Une amende de 90 à 350 euros. Cette incrimination a l'avantage à ses yeux de poser un interdit social, de reconnaître un statut de victime aux femmes subissant ces comportements, de lutter contre le sentiment d'insécurité qu'ils peuvent engendrer et de limiter le passage à des actes plus graves. Elle serait punie d'une contravention de quatrième classe, qui ne nécessite pas le dépôt d'une plainte, permet l'émission immédiate d'un procès verbal et un recouvrement instantané sous forme d'une amende forfaitaire de 90 euros, qui monterait à 200 euros pour un paiement sous 15 jours et 350 euros au-delà.
Des circonstances aggravantes. Abuser de l'autorité conférée par une fonction, agir en groupe ou dans un transport collectif, serait une circonstance aggravante, exposant à une contravention de cinquième classe passible du tribunal de police : il ne pourra plus alors y avoir de forfait et l'amende pourra être plus élevée.
23 mesures concrètes. Le rapport juge en outre nécessaire de prévoir des peines complémentaires, tel un stage pour faire prendre conscience aux contrevenants de la nocivité de leur comportement.
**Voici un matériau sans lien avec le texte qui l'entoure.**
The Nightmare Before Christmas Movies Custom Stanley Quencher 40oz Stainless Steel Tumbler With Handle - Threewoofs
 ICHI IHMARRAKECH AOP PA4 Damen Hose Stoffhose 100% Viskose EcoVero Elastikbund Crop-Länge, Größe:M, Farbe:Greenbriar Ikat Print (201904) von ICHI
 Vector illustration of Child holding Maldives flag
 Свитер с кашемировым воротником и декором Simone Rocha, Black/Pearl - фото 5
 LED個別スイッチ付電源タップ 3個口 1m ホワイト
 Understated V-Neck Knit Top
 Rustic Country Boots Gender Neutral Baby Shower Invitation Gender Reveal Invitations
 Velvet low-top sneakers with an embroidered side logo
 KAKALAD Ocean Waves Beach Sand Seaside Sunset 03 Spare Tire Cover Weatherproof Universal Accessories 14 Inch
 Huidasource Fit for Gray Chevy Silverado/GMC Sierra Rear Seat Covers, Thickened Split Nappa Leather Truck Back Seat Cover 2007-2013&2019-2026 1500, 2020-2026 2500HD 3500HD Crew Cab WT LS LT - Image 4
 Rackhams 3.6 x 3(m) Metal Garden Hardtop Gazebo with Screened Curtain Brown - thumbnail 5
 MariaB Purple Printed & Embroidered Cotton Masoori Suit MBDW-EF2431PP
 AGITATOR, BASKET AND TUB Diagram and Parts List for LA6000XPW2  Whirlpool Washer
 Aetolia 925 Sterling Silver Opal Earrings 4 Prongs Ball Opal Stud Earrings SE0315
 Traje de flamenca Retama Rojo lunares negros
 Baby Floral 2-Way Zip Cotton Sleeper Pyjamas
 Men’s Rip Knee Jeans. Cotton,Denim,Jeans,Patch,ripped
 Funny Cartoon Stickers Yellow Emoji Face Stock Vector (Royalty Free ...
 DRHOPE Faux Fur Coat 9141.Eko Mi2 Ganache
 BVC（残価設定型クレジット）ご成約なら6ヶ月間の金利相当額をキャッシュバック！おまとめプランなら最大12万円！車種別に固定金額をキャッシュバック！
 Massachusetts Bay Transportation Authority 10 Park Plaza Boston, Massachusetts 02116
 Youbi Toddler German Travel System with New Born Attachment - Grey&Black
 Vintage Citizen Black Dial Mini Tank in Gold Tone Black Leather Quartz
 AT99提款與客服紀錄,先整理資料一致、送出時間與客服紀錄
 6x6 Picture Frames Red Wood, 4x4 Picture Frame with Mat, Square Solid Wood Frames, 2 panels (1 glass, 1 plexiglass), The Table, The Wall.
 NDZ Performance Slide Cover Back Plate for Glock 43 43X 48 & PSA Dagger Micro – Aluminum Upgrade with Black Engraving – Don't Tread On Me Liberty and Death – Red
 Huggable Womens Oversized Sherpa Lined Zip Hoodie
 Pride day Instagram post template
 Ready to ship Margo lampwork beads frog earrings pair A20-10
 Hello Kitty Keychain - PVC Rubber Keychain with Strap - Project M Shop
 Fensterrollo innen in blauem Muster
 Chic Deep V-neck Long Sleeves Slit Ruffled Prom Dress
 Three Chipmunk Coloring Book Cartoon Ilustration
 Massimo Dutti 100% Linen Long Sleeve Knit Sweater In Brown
Au total, le groupe de travail propose 23 mesures, qui vont de l'équipement des policiers en terminaux numériques adaptés au développement d'une application permettant aux victimes de déclencher l'enregistrement de l'infraction, en passant par un meilleur traitement des mains courantes et dépôts de plainte ou la généralisation des caméras dans les transports collectifs.
Faire de la pédagogie. Il propose également des actions de sensibilisation en milieu scolaire ou par de l'affichage public et des campagnes de communication dans les transports, et prône une mobilisation des acteurs du secteur publicitaire contre les stéréotypes sexistes. Il estime enfin que le "cyber-outrage" doit également faire l'objet de "davantage de réflexion".